SAN ANTONIO (ABP) — Prayer took center stage as Woman's Missionary Union leaders, missionaries, and Southern Baptist agency leaders spoke at the union's annual meeting June 11, held prior to the Southern Baptist Convention gathering.
In her address, union president Kaye Miller, a member of Immanuel Baptist Church in Little Rock, Ark., highlighted an Old Testament admonition to “humble yourselves” and “pray and seek God.”
Miller recounted her experience growing up in Thailand, where her parents were career missionaries and where her surgeon father often treated lepers.
“It took a special kind of man to humble himself before a leper, to sponge out foul-smelling wounds, to carefully wrap bandages around people no one else wanted to be around, to listen, to care, to love in Jesus' name,” she said.
Miller, a nurse, also remembered a motherless 2-year-old with AIDS and the response of fellow WMU members. Within hours, volunteers were waiting for their chance to care for the dying youngster, and they were with him when he died.
“What would happen if we, as God's people, would truly pray and seek God?” she asked. “Often in our churches and in our personal lives, we spend much more time talking about prayer than actually praying. Let us, as Woman's Missionary Union, keep calling ourselves by his name, keep praying and seeking his face so that we will keep reaching and teaching the generations.”
Miller was re-elected president of the union, and Kathy Hillman of Waco, Texas, was re-elected as recording secretary.
Gordon Fort, International Mission Board vice president for overseas operations, also presented the women with an original letter from Baptist missionary Lottie Moon to WMU founder Annie Armstrong on Jan. 9, 1889, thanking the union for raising funds to send three missionaries to help her in China.

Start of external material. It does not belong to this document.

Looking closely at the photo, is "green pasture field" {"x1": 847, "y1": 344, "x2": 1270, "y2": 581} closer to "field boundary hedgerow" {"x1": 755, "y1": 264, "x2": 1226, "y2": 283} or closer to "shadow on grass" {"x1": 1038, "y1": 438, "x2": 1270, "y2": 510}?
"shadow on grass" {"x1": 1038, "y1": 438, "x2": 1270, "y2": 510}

In the letter, Moon asked the WMU executive committee to send missionaries without delay. She said to expect “a life of hardship and self denial. … They will need to be strong and courageous,” she said. “If ‘the joy of the Lord' be their strength, the blessedness of the work will more than compensate for its hardships. Let them come rejoicing to suffer for the sake of that lord and master who freely gave his life for them.”
Fort later expressed appreciation to WMU for helping raise more than $150 million for the Lottie Moon Offering for International Missions, the largest such offering ever.